La noticia saltaba estos días: «La bendición de las uniones homosexuales no puede ser considerada lícita». Sinceramente no me ha extrañado, no me ha sorprendido y no me ha causado mucha impresión. Y esto es así, pues porque es más de lo mismo. Ahora bien, y seguro que estaré equivocado, pero no querer bendecir a dos personas que se aman, es decir no al amor.

A lo largo de la historia se ha hablado mucho sobre la cuestión homosexual y cómo la reflexión cristiana se ha posicionado ante ella. No es cuestión de entrar en dichos discursos en este simple comentario pero, me da la impresión, de que no se quiere afrontar este tema en nuestros días de forma seria.

¿Por qué esta postura tan rígida en este asunto? ¿Por qué negamos, no ya un sacramento, sino una oración que bien-diga de aquellos, y a aquelllos que se aman de forma sincera? ¿Cuántas parejas homosexuales cuidan con mimo y dignidad nuestros templos, imágenes, liturgias y demás cuestiones eclesiales parroquiales, arciprestales y diocesanas? ¿Por qué sí sirven para «sacarnos las castañas del fuego» -sobre todo en la cercana Semana Santa- pero para decirles que Dios bendice su amor no sirven? ¿Será que Dios ya no es el único autor del amor, o ha dejado de ser -Dios- el Amor mismo?

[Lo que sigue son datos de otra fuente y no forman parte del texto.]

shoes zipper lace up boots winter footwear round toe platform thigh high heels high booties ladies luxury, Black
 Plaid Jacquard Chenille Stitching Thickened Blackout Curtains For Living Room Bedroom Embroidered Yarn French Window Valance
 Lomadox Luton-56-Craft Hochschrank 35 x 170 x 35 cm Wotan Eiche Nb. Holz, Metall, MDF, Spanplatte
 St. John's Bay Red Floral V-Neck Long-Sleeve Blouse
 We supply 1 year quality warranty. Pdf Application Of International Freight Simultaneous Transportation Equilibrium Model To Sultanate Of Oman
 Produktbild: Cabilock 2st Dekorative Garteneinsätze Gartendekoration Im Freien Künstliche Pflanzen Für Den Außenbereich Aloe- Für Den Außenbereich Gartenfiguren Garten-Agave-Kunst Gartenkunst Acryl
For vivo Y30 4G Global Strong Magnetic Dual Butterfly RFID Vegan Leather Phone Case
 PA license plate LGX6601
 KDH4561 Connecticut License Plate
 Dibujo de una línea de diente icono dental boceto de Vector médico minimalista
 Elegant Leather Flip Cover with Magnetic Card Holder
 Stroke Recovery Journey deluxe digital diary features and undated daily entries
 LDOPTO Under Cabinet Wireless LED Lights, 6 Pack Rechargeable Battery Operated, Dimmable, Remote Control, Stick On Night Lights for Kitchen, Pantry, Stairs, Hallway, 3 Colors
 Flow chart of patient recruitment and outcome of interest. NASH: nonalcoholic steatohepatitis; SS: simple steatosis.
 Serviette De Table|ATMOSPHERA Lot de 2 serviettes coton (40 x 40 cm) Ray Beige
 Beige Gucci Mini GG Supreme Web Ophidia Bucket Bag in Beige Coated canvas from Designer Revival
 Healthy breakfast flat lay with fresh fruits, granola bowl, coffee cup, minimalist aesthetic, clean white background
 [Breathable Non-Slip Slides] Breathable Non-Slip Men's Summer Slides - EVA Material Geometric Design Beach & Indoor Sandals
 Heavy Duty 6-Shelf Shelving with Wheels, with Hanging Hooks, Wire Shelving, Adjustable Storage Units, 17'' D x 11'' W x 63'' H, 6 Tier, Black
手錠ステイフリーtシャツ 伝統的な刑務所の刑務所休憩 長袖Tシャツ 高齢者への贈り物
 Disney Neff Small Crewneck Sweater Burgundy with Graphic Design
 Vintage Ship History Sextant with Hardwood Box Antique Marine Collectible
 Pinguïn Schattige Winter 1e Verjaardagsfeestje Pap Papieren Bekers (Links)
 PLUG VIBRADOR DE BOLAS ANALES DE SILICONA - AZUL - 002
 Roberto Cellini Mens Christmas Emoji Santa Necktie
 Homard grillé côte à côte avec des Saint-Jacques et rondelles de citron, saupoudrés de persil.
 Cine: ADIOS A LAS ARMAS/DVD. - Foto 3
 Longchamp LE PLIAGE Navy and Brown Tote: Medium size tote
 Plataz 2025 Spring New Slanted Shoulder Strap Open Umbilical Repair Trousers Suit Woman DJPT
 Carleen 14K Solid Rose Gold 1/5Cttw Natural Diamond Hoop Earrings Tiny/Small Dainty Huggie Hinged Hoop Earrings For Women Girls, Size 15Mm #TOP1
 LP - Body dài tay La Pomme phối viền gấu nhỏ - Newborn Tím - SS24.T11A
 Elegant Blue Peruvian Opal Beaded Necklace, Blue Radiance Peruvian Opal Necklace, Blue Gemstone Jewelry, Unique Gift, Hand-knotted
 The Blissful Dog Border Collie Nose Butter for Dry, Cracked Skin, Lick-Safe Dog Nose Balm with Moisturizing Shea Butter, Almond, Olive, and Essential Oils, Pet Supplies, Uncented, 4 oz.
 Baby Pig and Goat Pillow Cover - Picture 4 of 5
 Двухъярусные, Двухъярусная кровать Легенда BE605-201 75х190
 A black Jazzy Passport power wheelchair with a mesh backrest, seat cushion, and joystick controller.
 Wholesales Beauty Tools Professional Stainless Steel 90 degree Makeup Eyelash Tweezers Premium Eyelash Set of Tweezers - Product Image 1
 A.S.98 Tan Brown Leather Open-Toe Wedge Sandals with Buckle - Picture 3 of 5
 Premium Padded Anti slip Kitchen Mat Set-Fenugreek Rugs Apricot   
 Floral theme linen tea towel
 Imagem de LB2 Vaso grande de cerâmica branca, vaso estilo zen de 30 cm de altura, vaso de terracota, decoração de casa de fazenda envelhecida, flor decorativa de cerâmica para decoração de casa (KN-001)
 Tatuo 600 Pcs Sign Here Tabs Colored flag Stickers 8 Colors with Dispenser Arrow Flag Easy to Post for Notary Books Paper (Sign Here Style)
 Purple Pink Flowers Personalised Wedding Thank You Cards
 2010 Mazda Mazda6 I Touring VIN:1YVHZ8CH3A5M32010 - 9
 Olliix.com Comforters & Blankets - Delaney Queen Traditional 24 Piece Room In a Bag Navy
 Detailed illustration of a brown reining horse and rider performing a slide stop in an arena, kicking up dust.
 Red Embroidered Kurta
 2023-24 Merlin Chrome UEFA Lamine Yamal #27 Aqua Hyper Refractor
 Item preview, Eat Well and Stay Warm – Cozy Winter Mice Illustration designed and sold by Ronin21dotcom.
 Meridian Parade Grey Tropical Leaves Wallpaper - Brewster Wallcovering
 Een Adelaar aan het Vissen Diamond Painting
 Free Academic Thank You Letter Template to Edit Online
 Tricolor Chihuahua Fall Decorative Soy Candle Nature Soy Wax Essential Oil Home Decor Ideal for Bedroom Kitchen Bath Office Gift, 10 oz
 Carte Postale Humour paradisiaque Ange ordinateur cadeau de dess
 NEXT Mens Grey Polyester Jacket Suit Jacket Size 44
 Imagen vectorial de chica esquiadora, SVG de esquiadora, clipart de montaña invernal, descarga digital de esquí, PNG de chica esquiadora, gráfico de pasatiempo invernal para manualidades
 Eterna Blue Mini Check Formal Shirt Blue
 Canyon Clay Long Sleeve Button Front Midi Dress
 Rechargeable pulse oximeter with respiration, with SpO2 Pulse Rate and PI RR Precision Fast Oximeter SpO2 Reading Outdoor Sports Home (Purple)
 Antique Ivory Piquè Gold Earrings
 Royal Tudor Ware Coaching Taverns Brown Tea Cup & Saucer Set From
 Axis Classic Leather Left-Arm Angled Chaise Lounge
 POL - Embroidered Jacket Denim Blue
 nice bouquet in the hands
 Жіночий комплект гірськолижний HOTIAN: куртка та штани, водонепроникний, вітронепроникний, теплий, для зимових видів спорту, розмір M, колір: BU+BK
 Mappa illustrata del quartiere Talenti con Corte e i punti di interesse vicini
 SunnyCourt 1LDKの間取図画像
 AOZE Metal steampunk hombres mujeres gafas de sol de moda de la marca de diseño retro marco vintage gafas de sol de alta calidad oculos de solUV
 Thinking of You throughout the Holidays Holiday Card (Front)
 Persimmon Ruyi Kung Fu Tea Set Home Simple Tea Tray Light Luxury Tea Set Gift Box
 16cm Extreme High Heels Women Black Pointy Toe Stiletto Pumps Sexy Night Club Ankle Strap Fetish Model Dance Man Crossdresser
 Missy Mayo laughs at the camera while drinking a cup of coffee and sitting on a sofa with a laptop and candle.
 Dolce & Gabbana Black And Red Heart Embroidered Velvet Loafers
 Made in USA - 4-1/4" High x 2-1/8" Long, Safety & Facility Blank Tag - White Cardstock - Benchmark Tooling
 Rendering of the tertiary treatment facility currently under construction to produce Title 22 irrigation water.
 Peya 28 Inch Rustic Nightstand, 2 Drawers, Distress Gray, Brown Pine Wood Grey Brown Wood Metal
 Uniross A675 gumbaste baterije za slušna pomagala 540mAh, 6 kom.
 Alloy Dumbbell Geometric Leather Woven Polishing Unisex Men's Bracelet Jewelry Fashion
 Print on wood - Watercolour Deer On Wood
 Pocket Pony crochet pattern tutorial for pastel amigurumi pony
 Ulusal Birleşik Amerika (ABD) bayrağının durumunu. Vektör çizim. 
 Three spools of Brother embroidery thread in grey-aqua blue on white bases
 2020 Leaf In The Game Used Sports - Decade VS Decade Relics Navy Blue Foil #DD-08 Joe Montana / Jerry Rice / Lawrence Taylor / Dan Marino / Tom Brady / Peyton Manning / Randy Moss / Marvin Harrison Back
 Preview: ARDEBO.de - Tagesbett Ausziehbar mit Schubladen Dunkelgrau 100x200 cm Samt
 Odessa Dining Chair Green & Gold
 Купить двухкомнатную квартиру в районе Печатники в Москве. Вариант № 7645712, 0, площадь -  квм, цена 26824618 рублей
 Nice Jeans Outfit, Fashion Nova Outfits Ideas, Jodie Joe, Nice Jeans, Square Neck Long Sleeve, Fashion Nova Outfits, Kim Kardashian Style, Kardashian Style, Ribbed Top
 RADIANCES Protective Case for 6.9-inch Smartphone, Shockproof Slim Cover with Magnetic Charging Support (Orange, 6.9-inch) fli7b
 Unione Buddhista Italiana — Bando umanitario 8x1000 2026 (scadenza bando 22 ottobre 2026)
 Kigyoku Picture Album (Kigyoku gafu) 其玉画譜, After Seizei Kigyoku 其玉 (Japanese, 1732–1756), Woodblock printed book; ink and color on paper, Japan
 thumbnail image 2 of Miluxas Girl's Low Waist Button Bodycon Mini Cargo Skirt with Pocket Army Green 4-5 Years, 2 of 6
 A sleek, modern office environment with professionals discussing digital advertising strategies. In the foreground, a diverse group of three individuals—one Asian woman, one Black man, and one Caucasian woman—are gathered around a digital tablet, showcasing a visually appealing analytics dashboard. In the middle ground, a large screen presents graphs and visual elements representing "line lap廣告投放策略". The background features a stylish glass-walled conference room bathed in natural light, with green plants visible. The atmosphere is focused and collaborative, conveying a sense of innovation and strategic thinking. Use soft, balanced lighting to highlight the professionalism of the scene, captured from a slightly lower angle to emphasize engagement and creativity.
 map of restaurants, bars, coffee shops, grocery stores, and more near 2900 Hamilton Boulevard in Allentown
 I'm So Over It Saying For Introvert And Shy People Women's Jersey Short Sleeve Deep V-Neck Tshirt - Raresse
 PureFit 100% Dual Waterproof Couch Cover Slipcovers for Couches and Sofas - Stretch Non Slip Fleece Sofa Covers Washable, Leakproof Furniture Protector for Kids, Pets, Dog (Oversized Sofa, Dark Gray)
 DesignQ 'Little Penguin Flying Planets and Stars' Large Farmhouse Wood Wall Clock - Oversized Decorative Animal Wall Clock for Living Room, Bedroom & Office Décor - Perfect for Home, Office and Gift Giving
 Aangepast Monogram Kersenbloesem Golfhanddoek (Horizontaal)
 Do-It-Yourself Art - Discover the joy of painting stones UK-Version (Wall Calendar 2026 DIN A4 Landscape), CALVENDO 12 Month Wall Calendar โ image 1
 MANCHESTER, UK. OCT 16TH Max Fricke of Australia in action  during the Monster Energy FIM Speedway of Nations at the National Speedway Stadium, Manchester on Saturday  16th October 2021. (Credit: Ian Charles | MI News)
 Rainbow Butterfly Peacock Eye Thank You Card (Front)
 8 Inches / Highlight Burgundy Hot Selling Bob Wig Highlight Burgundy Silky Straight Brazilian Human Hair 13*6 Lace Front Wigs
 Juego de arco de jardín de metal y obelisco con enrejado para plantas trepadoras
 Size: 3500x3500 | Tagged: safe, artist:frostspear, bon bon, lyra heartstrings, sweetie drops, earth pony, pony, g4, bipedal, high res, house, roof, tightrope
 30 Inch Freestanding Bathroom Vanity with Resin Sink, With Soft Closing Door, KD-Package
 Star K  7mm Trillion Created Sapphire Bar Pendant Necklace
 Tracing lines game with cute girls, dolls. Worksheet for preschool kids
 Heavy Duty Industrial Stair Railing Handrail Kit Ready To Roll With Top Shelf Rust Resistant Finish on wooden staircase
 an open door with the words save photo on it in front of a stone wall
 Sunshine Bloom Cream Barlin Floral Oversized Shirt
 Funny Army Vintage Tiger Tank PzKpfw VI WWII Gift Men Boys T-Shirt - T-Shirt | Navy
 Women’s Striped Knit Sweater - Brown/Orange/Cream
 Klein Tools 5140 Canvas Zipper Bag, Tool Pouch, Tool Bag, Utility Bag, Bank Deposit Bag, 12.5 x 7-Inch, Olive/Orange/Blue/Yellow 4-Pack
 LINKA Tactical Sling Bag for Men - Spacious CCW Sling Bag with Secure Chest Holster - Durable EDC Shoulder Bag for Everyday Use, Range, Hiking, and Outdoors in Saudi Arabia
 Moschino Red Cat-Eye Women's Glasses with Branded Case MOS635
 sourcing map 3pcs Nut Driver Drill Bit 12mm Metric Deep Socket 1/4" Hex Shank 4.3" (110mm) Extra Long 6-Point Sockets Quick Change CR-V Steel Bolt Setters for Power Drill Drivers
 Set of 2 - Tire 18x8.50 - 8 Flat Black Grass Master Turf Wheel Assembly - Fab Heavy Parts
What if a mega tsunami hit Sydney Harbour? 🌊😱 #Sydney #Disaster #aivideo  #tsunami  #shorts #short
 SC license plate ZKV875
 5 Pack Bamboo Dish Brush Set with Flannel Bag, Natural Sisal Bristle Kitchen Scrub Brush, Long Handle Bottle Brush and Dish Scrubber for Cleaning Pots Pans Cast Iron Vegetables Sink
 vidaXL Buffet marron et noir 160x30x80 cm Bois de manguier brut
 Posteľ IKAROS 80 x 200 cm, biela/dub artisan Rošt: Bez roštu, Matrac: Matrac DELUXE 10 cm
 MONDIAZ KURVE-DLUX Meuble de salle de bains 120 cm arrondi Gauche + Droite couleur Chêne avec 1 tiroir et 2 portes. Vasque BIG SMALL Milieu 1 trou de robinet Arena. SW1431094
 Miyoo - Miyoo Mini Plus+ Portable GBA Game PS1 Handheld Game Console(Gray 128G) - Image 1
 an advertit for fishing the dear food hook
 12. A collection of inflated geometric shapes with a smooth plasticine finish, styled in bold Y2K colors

Trabajar con gente joven -como es mi caso- hace que se aprendan muchas cosas y hay una que es fundamental, me explico. Las nuevas generaciones van a luchar, y de qué forma, por su identidad, por sus sentimientos, por su amor; y quienes no lo acepten así, quienes no los bien-digan no van a ser vistos desde el rencor, el odio o el resentimiento como quizá ocurría en épocas
pasadas.

Hoy día pasarán al ámbito de la indiferencia. Y la indiferencia, lo sabemos muy bien, es experta en sepultar en el desafecto.